The Tomorrows exhibition unfolds the multiple aspects the future presents today through the works of artists, architects, and designers. Dealing with the future of course is not new in these fields. Renowned are the visionary architectural proposals of the 60s which addressed the promises of the new networks, and the possibilities of overcoming environmental problems, thanks to the technological advance. The speculative scenarios, and long research projects of the time –such as the Electronic Urbanism of Takis Ch. Zenetos featured at this show– aimed to imagine and influence changes towards a desirable future. Nowadays, the proposals from the fields of art, design, and architecture differ. Starting from the contradictions of tomorrow’s possible worlds, they underline the need to allow room for images of different cultures and futures, taking in mind the particularities, conditions and needs of different geographical areas.
The Mediterranean region provides the ground for critical reflection for the works of this exhibition. Affected by the financial crisis, the climate change and mass population movements, it is discussed as an area where new forms of co-existence may emerge and new bonds with the living environment can be built. Speculating about the techno-natural ecologies and the socioeconomic conditions that may appear within its territory, the projects on show offer the possibility to understand the scalability of future-oriented phenomena, and to realise the need for change.

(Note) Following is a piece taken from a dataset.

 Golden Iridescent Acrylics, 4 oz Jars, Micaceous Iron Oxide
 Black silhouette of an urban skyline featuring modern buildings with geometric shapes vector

The starting and reference point for the exhibition is the Ecumenopolis (1959-1974) of Constantinos Doxiadis, the city that by the 22nd century would cover the whole of the inhabited planet. The development of it according to the visionary city planner, lied in the relation and balance between five fundamental elements, i.e. nature, anthropos (the human), society, shells and networks. These five elements inform the main points of exploration of this exhibition, and formulate the five main thematic areas that the participants tackle. Taking into consideration the challenges of the present, the terms of Doxiadis are tweaked and redefined in order to return to one key and central question: Which future is, at the end, the one desired, and what can be done for its formation?